Robert T. Winston, Jr., and Wm. T. Bowen, Norton, Va. (Greear, Bowen, Mullins & Winston, Norton, Va., on brief), for appellee.

Before PARKER, Chief Judge, and SOPER and DOBIE, Circuit Judges.

PARKER, Chief Judge.

This is an appeal in an action under section 301 of the Labor Management Relations Act, 29 U.S.C.A. § 185(a), to recover damages for alleged breach of a collective bargaining contract. The plaintiff is the Haislip Baking Company, a corporation of Norton, Virginia, and the defendants are the United Construction Workers and the United Mine Workers of America. The case was heard before a jury which returned a verdict for plaintiff in the sum of $462,611.53. On motion of defendants for judgment n.o.v. or for a new trial, the judgment n.o.v. was denied but a partial new trial awarded, which was limited to damages sustained by plaintiff "by being obliged to liquidate its business". On the new trial thus granted, the jury answered the interrogatory as to damages in the sum of $165,000; and from judgment for plaintiff in this amount, the defendants have appealed. The principal questions presented by the appeal are whether verdict should have been directed for defendants and whether the verdict rendered on the first trial should not have been set aside in its entirety for manifest bias and prejudice on the part of the jury.

Plaintiff began operating a bakery in Norton in 1939 with an initial investment of less than $20,000. Its business grew and prospered during the war years and in 1948 it greatly enlarged its plant, purchased new machinery and began doing business on a much larger scale, but its books showed a loss for the year 1949 and the portion of the year that it operated in 1950. In the latter year, its books showed total assets of $336,776.70 with total liabilities other than capital stock of $211,156.38 or a net worth of $125,620.32. In 1949 it entered into a collective bargaining contract with the United Construction Workers, a division of District 50, which was itself a branch or division of the United Mine Workers of America. The contract was signed by the Construction Workers as affiliated with the Mine Workers. The contract was renewed in April 1950, but a wage increase for which it provided was postponed until June of that year because of the financial condition of plaintiff.

On May 29, 1950 a strike occurred at the bakery because two employees were discharged for unexplained absence on the preceding day. There is no evidence and no contention that either of the defendants instigated, encouraged or had anything to do with this strike in its inception. Plaintiff's officials called on one Morris, Regional Director of the Construction Workers and Belcher, its field representative, to assist in getting the men back to work and both came to the bakery on May 30 where they conferred with Fred Haislip, Sr., plaintiff's president, Fred Haislip, Jr., its general manager, and Fred B. Greear, its attorney, and a number of representatives of employees. After some discussion, the Haislips and Greear withdrew from the meeting so that Morris and Belcher could confer with the employees. They did confer and there is evidence that Belcher advised the men to go back to work without insisting on the reinstatement of the discharged employees but that they voted that they would not do so but would return to work only if the discharged employees were reinstated.
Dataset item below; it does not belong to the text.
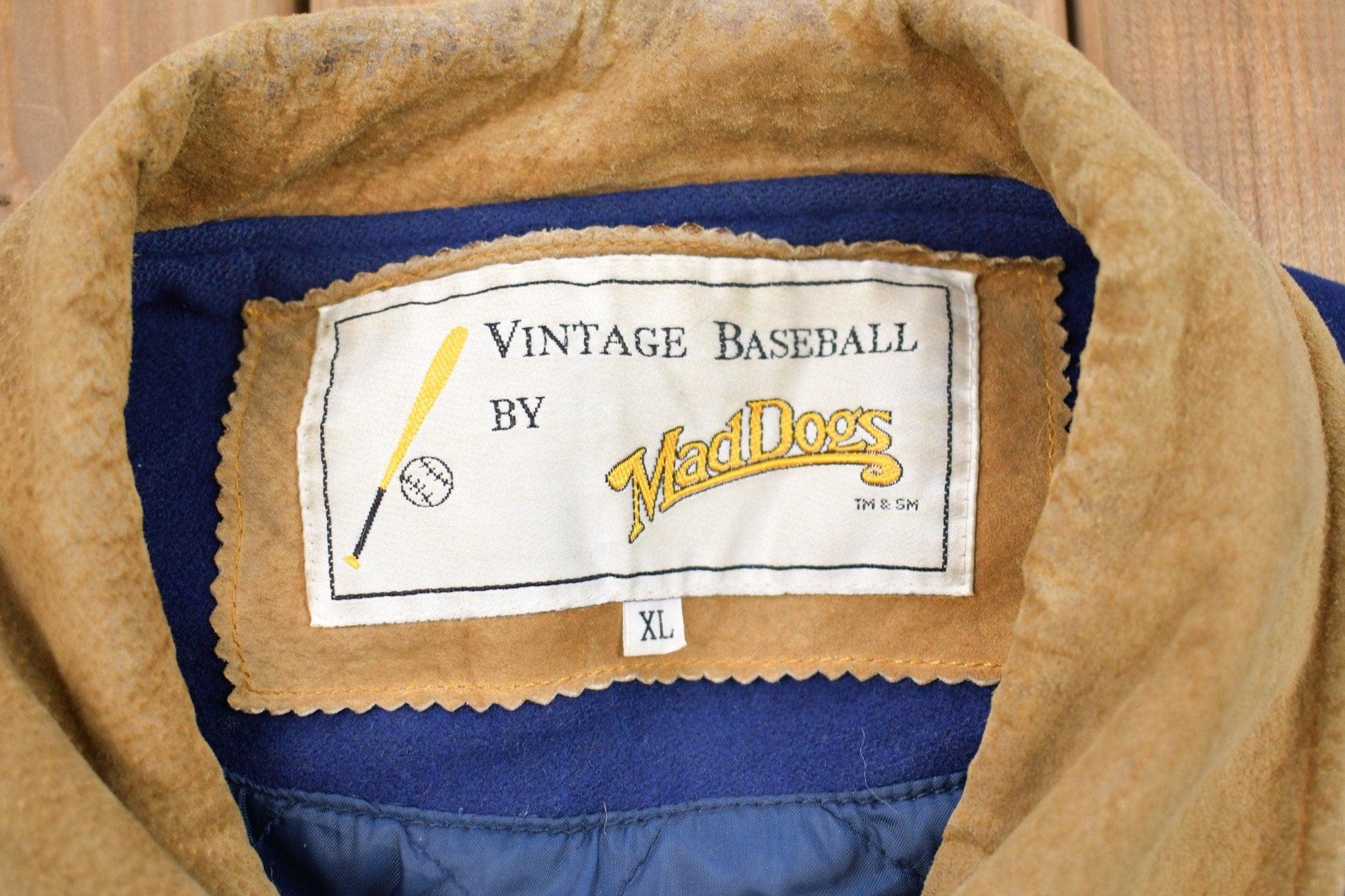 Other Clothing > Gender Neutral Adult Clothing > Hoodies & Sweatshirts > Sweatshirts Vintage 1990s Mad Dogs Hong Kong Wool Varsity Jacket Wool Men's XL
When the Haislips and Greear returned to the conference, Morris stated that the men would return to work at once if the discharged employees were put to work, and that the question of plaintiff's right to discharge them would be arbitrated under the provisions of the collective bargaining agreement. Haislip, Sr. agreed that the plaintiff's right to discharge the two men might be referred to arbitration, but declined to put them to work in the meantime, saying that this would be a violation of the contract. Upon his persisting in this position, Morris withdrew, saying that he would not discuss the contract. As he withdrew Haislip, Sr. stated "You are putting us out of business, and we will hold you responsible." There is also evidence that, as Morris left the meeting, one of the employees asked him when they were going back to work and that he replied "You will go back to work when I tell you to and not before"; but this was after they had voted not to return to work unless the discharged employees were reinstated and after the conference had broken up because of Haislip's insistence that he would not reinstate them. There is no evidence that at this, or any other time, either Morris or Belcher attempted to prevent their returning to work and the evidence is that Belcher advised them to return to work without insisting on the reinstatement of the discharged employees and, after the vote was taken, told them they had made a mistake.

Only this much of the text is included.